Van Heest, who, along with her MSRA crew, surveyed the City of Green Bay shipwreck 15 years ago, says she'd know it if she saw it because, "It's a very distinct piece of wreckage."
Van Heest says as soon as she arrived at the woman's home, looked over the bluff, and saw submerged shipwreck remains, she knew it was the City of Green Bay.
In late September 1887, the City of Green Bay, along with another schooner, the Havanna, were both loaded up with a cargo of iron ore then departed Escanaba, Mich., for Chicago. On Sunday, Oct. 1, a storm developed, blowing the two ships far off their course.
At daybreak Monday, several people living along the lakeshore north of South Haven spotted a schooner flying a signal of distress as it drifted rapidly southward. South Haven's life-saving crew responded as quickly as they could hoping to render aid to the ship and its crew.
The storm, which hadn't let up, forced the City of Green Bay to plow bow first into a sandbar. The life-saving crew encountered endless trouble with the rescue operation, while the pounding waves were washing sand from under the stern until the heavy weight caused the ship to break in two.
Two masts collapsed, carrying away three of the sailors, who where never recovered.

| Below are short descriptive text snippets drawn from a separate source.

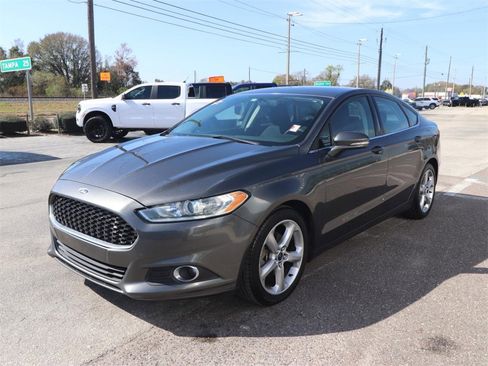 Used 2015 Ford Fusion SE image 3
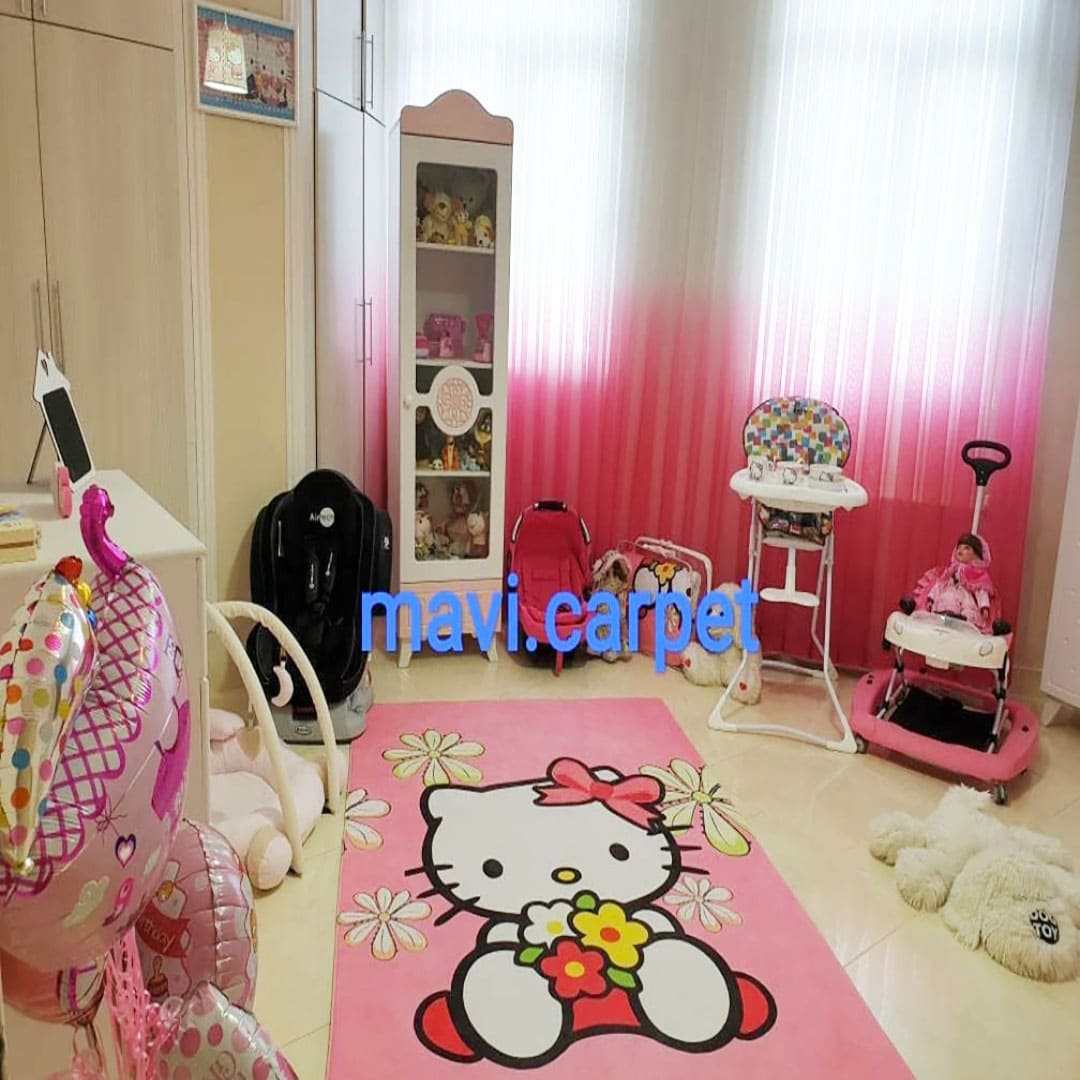 فرش اتاق کودک دخترانه طرح کیتی ماوی كارپت Mavi Carpet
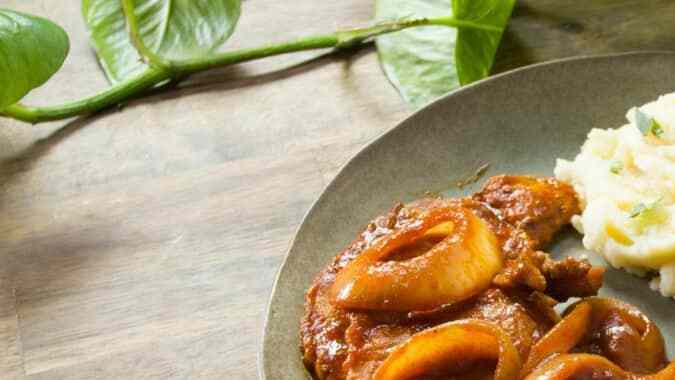 chuletas de puerco adobadas y encebolladas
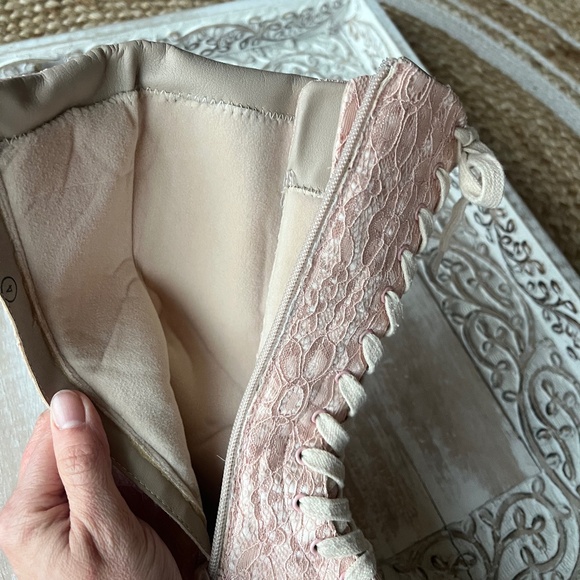 Trish Scully Pink Lace Boot Sz 4 Big Girl - Picture 9 of 13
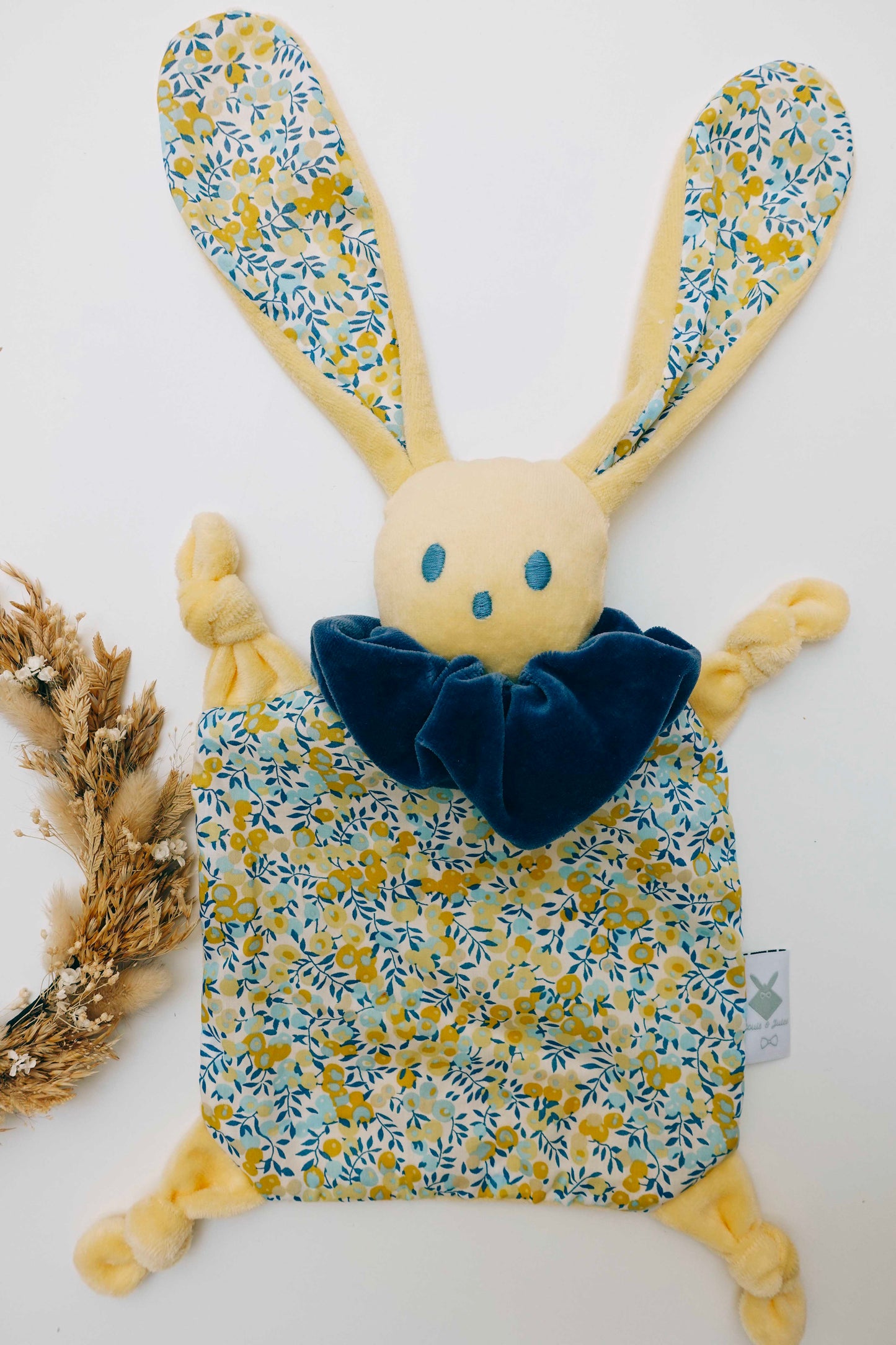 Doudou Velours Chouchou – Wiltshire Sunshine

The life-saving crew saw three crewmembers clinging to the one remaining standing mast, but could not get to them before the waves began breaking apart the vessel.
Of the City of Green Bay's six crewmembers, five of them lost their lives in the tragedy.
Nearly 134 years later, van Heest strongly believes that a similar storm helped the schooner enjoy another voyage.
"Mother nature had her way with this ship again," said van Heest. "Erosion, combined with a big storm, somehow lifted this ship from where it was embedded for over a hundred years, and moved it south."
The brittle bones of the City of Green Bay, which are 80 feet long and 25 feet wide, floated from the spot where it foundered along Deerlick Creek Beach to its new resting place, which is on a private, rocky beach about a half mile south.
While a member of the MSRA crew captured some drone footage of the ship's new resting place, van Heest ventured into the lake to survey the situation.
"The remains now don't seem so embedded in the bottom," van Heest said. "I would not be surprised to hear that after another big storm, it's no longer here."
Very few sunken ships get to sail again, but it appears the City of Green Bay is in the mood to change the paradigm.
"We'll keep an eye on this," van Heest said. "If it moves again, we'll go out and try to find its next resting place."